The Directors are also responsible for preparing the Strategic Report, the Directors’ Report, the Directors’ Remuneration Report, the Corporate Governance Statement and the Report of the Audit and Management Engagement Committee in accordance with the Companies Act 2006 and applicable regulations, including the requirements of the Listing Rules and the Disclosure and Transparency Rules. The Directors have delegated responsibility to the Manager for the maintenance and integrity of the Company’s corporate and financial information included on the BlackRock website. Legislation in the United Kingdom governing the preparation and dissemination of financial statements may differ from legislation in other jurisdictions.
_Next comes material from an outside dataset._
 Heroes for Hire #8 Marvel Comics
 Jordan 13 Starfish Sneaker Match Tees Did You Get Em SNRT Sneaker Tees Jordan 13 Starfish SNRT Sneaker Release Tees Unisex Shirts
Each of the Directors at the date of this report, whose names are listed on page 17 of the Annual Report and Financial Statements, confirm to the best of their knowledge that:

  • the financial statements, prepared in accordance with applicable accounting standards, give a true and fair view of the assets, liabilities, financial position and profit or loss of the Company; and

  • the Strategic Report contained in the Annual Report and Financial Statements includes a fair review of the development and performance of the business and the position of the Company, together with a description of the principal risks and uncertainties that it faces.

The 2016 UK Corporate Governance Code also requires Directors to ensure that the Annual Report and Financial Statements are fair, balanced and understandable. In order to reach a conclusion on this matter, the Board has requested that the Audit and Management Engagement Committee advise on whether it considers that the Annual Report and Financial Statements fulfils these requirements. The process by which the Committee has reached these conclusions is set out in the Audit and Management Engagement Committee’s Report on pages 32 to 35 of the Annual Report and Financial Statements. As a result, the Board has concluded that the Annual Report for the year ended 31 August 2017, taken as a whole, is fair, balanced and understandable and provides the information necessary for shareholders to assess the Company’s position, performance, business model and strategy.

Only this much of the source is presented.